Block diagram of interfacing motor with TMSLF2407 DSP

In this research during off-line stage, the stored data of subjects for different motions of the hand are used to test the developed pattern recognition model of the controller using TMSLF2407. A DSC programme is developed to extract the features namely mean absolute value (MAV), number of zero crossings (ZC), number of slope sign changes (SSC) and waveform length (WL) from the EMG data stored in the memory. The extracted features are classified using simple logistic regression (SLR) classifier. The output of the classifier is used to generate the driving signals for the actuation of the specific drive in the specified direction, through the configuration of general purpose input and output port (GPIO). The pattern recognition algorithm is carried out in the processor. The input to the controller is the EMG data and the output of the processor is the digital signals that are fed to the bidirectional driver KA3082. Control signal from two GPIO pins of port2 of DSC is fed to pin 5 and pin 6 of the bidirectional driver. GPIO port P2.3 and port P2.4 are used to obtain control signals for hand close (HC) and hand open (HO) motions. GPIO port P2.5 and GPIO port P2.6 are used to obtain control signals for wrist flexion (WF) and wrist extension (WE).

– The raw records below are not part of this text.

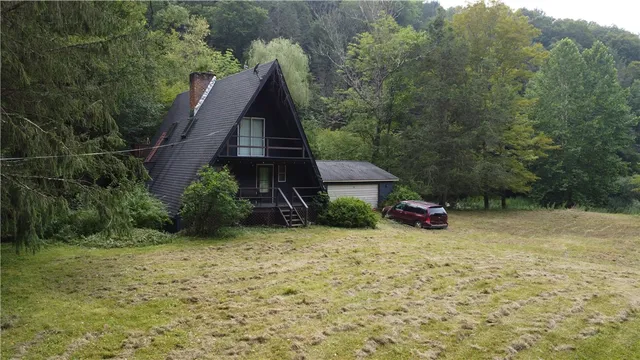 $269,000 | 524 Burnwood Road, Hancock, NY 13756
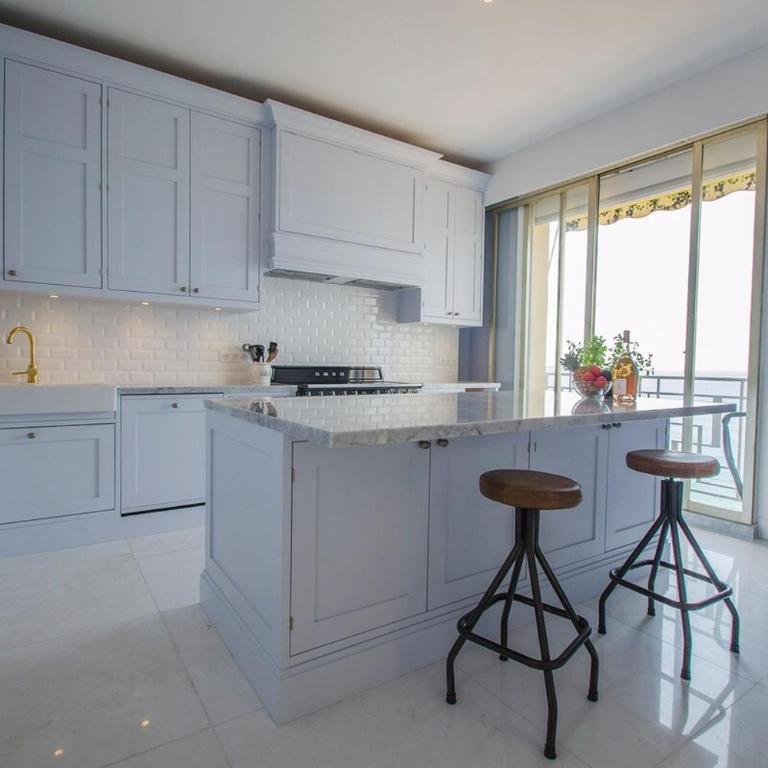 Penthouse apartment with roof terrace by the beach - Appartement - 4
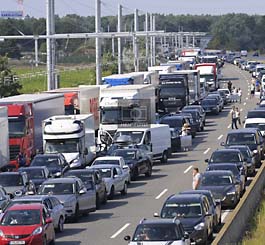 Ca. 7 km Stau mit Rettungsgasse auf der vierspurigen Autobahn A5 zwischen Langen und Weiterstadt aufgrund eines brennenden LKW ( © HEN-FOTO )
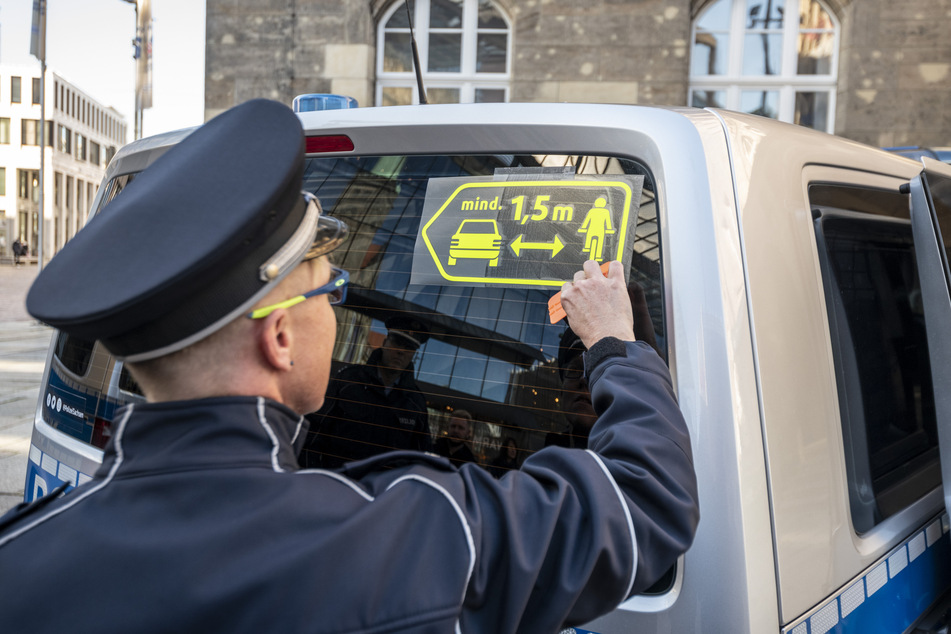 Mindestabstand zwischen Autos und Radlern Stadt und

GPIO port P2.7 and GPIO port P2.8 are used to obtain control signals for ulnar deviation (UD) and radial deviation (RD). All the six motions are thus realised to perform the intended limb motions by driving three DC motors in both forward and reverse direction in off-line. The time period of execution in offline was found to be less than 150 ms, which is an acceptable delay in real-time implementation of prosthetic hand [4].

Conclusion

The influence of PCA based feature reduction on pattern recognition of different classifier is tested with 25, 50 and 75 % PCA transformation of TD statistical features as well as AR coefficients. The performance is compared with non-PCA transformed features obtained from the continuous entire length of EMG signals for ten healthy subjects as well. From the results, it has been observed that principal component with the highest Eigenvalue contributes in classification and other components does improve/decrease classification accuracy slightly but not significantly. Performance analysis also shows that kNN classifier is better at classifying the EMG signal with PCA transformed statistical data compared to other classifiers in accuracy, sensitivity and specificity. It is also found that there is not much improvement in classification accuracy with non-transformed and transformed TD statistical feature in DT as well as kNN. But there is much significant difference in DT as well as kNN with with non-transformed and transformed AR coefficients. However, SLR performs better with the statistical features compared to AR and PCA transformed features both in accuracy and computational power. Further, transformed features using PCA decreases accuracy, sensitivity and specificity compared to non-transformed features in the identification of movements from EMG using SLR, NN and LMT. The efficient SLR classifier is implemented in off-line to study motion control of three drives using TMSLF2407 processor to understand the pattern recognition in control of drives.